Typedef names beginning with int or uint and ending with _t may be added to the types defined in the stdint.h header. Macro names beginning with INT or UINT and ending with _MAX, _MIN, or _C may be added to the macros defined in the stdint.h header.

https://port70.net/~nsz/c/c11/n1570.html#7.31.10p1


In the standard, any name that begins with a double underscore or an underscore followed by an uppercase letter is reserved. This is useful because C lacks named namespaces. By reserving all such symbols, new and implementation specific keywords can be introduced to the language without clashing with symbols defined in existing code.

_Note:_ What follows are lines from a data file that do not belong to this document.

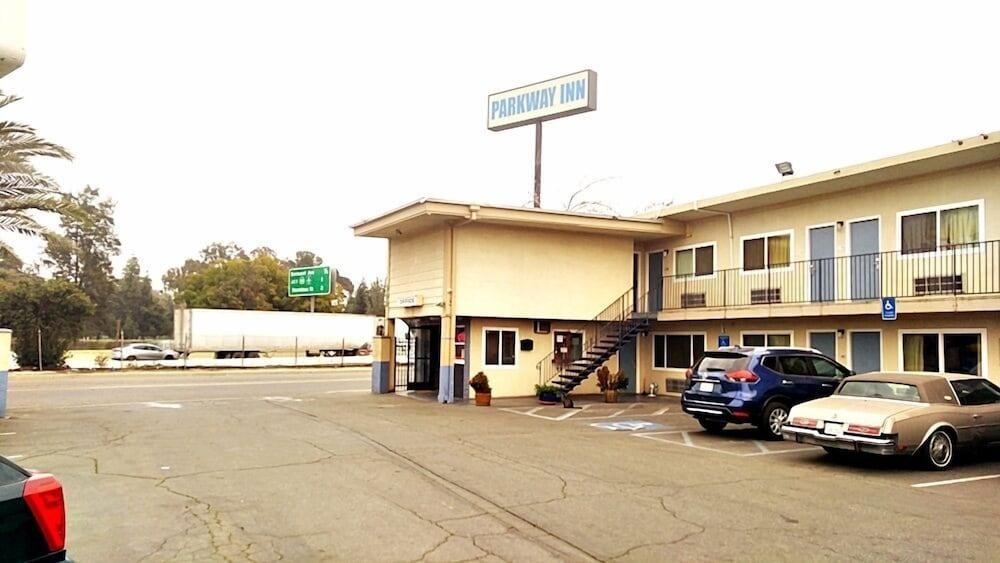 Parkway Inn Fresno Eksteriør bilde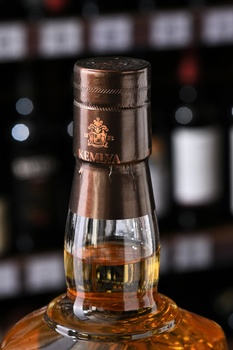 Kemlya Double Cask - виски Кемля Дабл Каск 0.7 л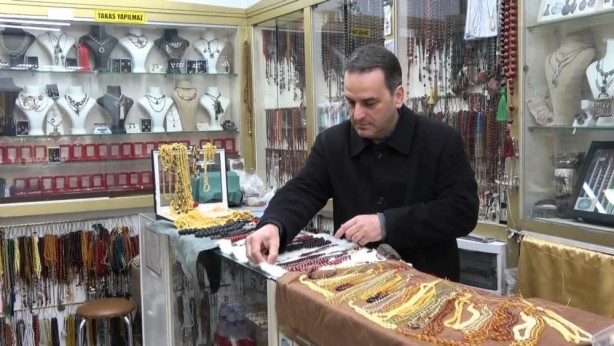 Foto - Balina kusmuğundan yapılan tespihin fiyatı dudak uçuklatıyor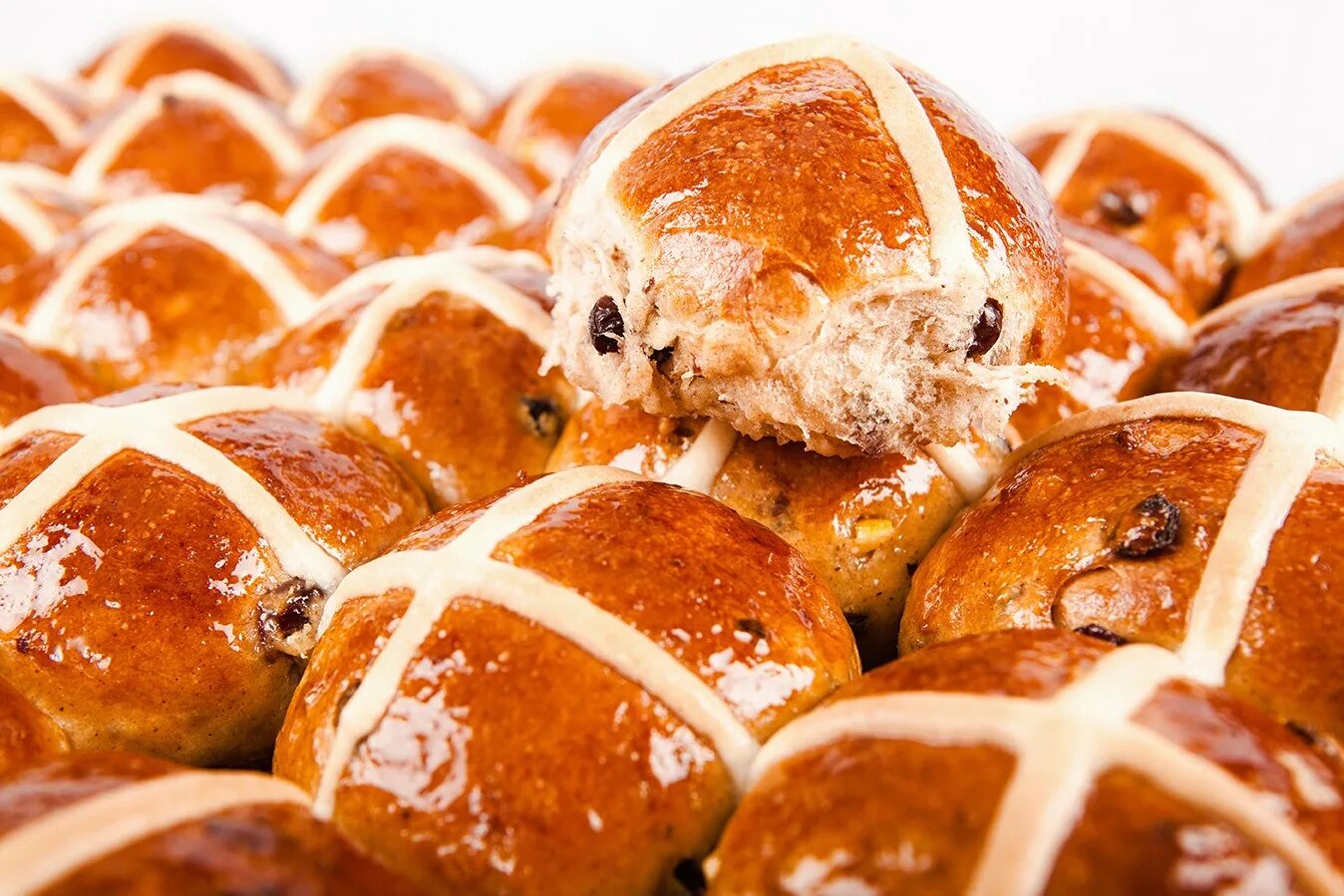 Hot Cross buns булочки. Сдобная булочка. Английская сдобная булочка. Булочки на Пасху. Хмельницкие булочки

The macros such as bool and static_assert are "convenience macros", they allow you to use the reserved keyword symbols without the underscores and capitals at the small risk of a name clash. However they provide a means to resolve a name clash because unlike a keyword, and macro may be #undefined, or the header that defines it excluded and the internal keyword used directly. Moreover unmodified legacy code will not be broken because by definition it will not include the headers that did not exist at the time of writing

The unadorned keywords have been defined in the language since the language's inception (with the exception of inline and restrict defined since C99), so will not cause a conflict with legacy code symbols. All _Xxxx keywords have been defined at or since C99.

Unlike many languages in common use today, C has been around since the 1970's and standardised since 1989 - there is a huge amount of existing code that must remain compilable on modern compilers while at the same time the language cannot remain unchanged - if it did it might no longer be in such common use.